Your task |
All of the data below should be written out exactly.

══ Task inputs ══

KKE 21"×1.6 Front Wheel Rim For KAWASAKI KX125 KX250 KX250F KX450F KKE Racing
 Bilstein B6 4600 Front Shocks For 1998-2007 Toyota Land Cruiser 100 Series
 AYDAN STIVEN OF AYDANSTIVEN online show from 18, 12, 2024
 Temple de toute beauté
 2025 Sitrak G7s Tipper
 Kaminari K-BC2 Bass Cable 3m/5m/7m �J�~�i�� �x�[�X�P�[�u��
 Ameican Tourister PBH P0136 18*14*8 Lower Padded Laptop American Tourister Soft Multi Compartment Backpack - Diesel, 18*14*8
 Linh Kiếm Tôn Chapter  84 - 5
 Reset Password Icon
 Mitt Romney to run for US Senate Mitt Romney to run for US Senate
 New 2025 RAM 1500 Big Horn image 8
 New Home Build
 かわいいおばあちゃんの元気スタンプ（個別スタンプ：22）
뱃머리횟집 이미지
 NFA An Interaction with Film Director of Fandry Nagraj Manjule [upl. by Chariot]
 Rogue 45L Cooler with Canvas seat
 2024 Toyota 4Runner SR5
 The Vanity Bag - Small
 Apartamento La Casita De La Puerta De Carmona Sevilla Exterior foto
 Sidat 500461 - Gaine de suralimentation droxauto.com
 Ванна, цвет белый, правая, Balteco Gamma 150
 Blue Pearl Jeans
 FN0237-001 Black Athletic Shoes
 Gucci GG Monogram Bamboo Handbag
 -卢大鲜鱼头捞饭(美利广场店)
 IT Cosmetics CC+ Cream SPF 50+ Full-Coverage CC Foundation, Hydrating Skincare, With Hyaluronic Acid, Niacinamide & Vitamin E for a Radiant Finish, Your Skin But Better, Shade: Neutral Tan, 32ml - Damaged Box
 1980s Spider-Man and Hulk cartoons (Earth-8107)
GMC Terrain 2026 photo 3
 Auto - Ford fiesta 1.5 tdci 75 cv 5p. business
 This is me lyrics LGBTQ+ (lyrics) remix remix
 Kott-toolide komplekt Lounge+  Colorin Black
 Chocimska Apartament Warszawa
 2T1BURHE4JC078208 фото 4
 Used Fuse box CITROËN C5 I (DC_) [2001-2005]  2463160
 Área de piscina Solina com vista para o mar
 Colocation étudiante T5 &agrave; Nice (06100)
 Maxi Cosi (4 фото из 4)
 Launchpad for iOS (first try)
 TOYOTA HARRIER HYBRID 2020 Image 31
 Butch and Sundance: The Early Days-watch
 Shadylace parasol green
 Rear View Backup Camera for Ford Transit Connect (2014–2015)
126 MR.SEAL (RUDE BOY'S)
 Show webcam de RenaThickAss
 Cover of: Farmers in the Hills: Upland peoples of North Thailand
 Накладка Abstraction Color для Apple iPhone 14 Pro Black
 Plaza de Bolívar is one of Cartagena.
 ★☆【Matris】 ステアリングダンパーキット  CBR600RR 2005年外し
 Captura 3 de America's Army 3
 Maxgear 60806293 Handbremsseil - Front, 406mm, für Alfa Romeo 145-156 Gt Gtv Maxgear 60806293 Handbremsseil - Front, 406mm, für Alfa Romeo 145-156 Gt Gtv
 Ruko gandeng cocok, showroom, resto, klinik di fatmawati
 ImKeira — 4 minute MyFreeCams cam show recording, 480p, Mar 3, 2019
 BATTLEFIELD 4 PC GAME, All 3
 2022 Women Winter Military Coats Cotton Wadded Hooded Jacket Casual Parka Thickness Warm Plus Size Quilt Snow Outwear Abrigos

═══

Answer space |
KKE 21"×1.6 Front Wheel Rim For KAWASAKI KX125 KX250 KX250F KX450F KKE Racing
 Bilstein B6 4600 Front Shocks For 1998-2007 Toyota Land Cruiser 100 Series
 AYDAN STIVEN OF AYDANSTIVEN online show from 18, 12, 2024
 Temple de toute beauté
 2025 Sitrak G7s Tipper
 Kaminari K-BC2 Bass Cable 3m/5m/7m �J�~�i�� �x�[�X�P�[�u��
 Ameican Tourister PBH P0136 18*14*8 Lower Padded Laptop American Tourister Soft Multi Compartment Backpack - Diesel, 18*14*8
 Linh Kiếm Tôn Chapter  84 - 5
 Reset Password Icon
 Mitt Romney to run for US Senate Mitt Romney to run for US Senate
 New 2025 RAM 1500 Big Horn image 8
 New Home Build
 かわいいおばあちゃんの元気スタンプ（個別スタンプ：22）
뱃머리횟집 이미지
 NFA An Interaction with Film Director of Fandry Nagraj Manjule [upl. by Chariot]
 Rogue 45L Cooler with Canvas seat
 2024 Toyota 4Runner SR5
 The Vanity Bag - Small
 Apartamento La Casita De La Puerta De Carmona Sevilla Exterior foto
 Sidat 500461 - Gaine de suralimentation droxauto.com
 Ванна, цвет белый, правая, Balteco Gamma 150
 Blue Pearl Jeans
 FN0237-001 Black Athletic Shoes
 Gucci GG Monogram Bamboo Handbag
 -卢大鲜鱼头捞饭(美利广场店)
 IT Cosmetics CC+ Cream SPF 50+ Full-Coverage CC Foundation, Hydrating Skincare, With Hyaluronic Acid, Niacinamide & Vitamin E for a Radiant Finish, Your Skin But Better, Shade: Neutral Tan, 32ml - Damaged Box
 1980s Spider-Man and Hulk cartoons (Earth-8107)
GMC Terrain 2026 photo 3
 Auto - Ford fiesta 1.5 tdci 75 cv 5p. business
 This is me lyrics LGBTQ+ (lyrics) remix remix
 Kott-toolide komplekt Lounge+  Colorin Black
 Chocimska Apartament Warszawa
 2T1BURHE4JC078208 фото 4
 Used Fuse box CITROËN C5 I (DC_) [2001-2005]  2463160
 Área de piscina Solina com vista para o mar
 Colocation étudiante T5 &agrave; Nice (06100)
 Maxi Cosi (4 фото из 4)
 Launchpad for iOS (first try)
 TOYOTA HARRIER HYBRID 2020 Image 31
 Butch and Sundance: The Early Days-watch
 Shadylace parasol green
 Rear View Backup Camera for Ford Transit Connect (2014–2015)
126 MR.SEAL (RUDE BOY'S)
 Show webcam de RenaThickAss
 Cover of: Farmers in the Hills: Upland peoples of North Thailand
 Накладка Abstraction Color для Apple iPhone 14 Pro Black
 Plaza de Bolívar is one of Cartagena.
 ★☆【Matris】 ステアリングダンパーキット  CBR600RR 2005年外し
 Captura 3 de America's Army 3
 Maxgear 60806293 Handbremsseil - Front, 406mm, für Alfa Romeo 145-156 Gt Gtv Maxgear 60806293 Handbremsseil - Front, 406mm, für Alfa Romeo 145-156 Gt Gtv
 Ruko gandeng cocok, showroom, resto, klinik di fatmawati
 ImKeira — 4 minute MyFreeCams cam show recording, 480p, Mar 3, 2019
 BATTLEFIELD 4 PC GAME, All 3
 2022 Women Winter Military Coats Cotton Wadded Hooded Jacket Casual Parka Thickness Warm Plus Size Quilt Snow Outwear Abrigos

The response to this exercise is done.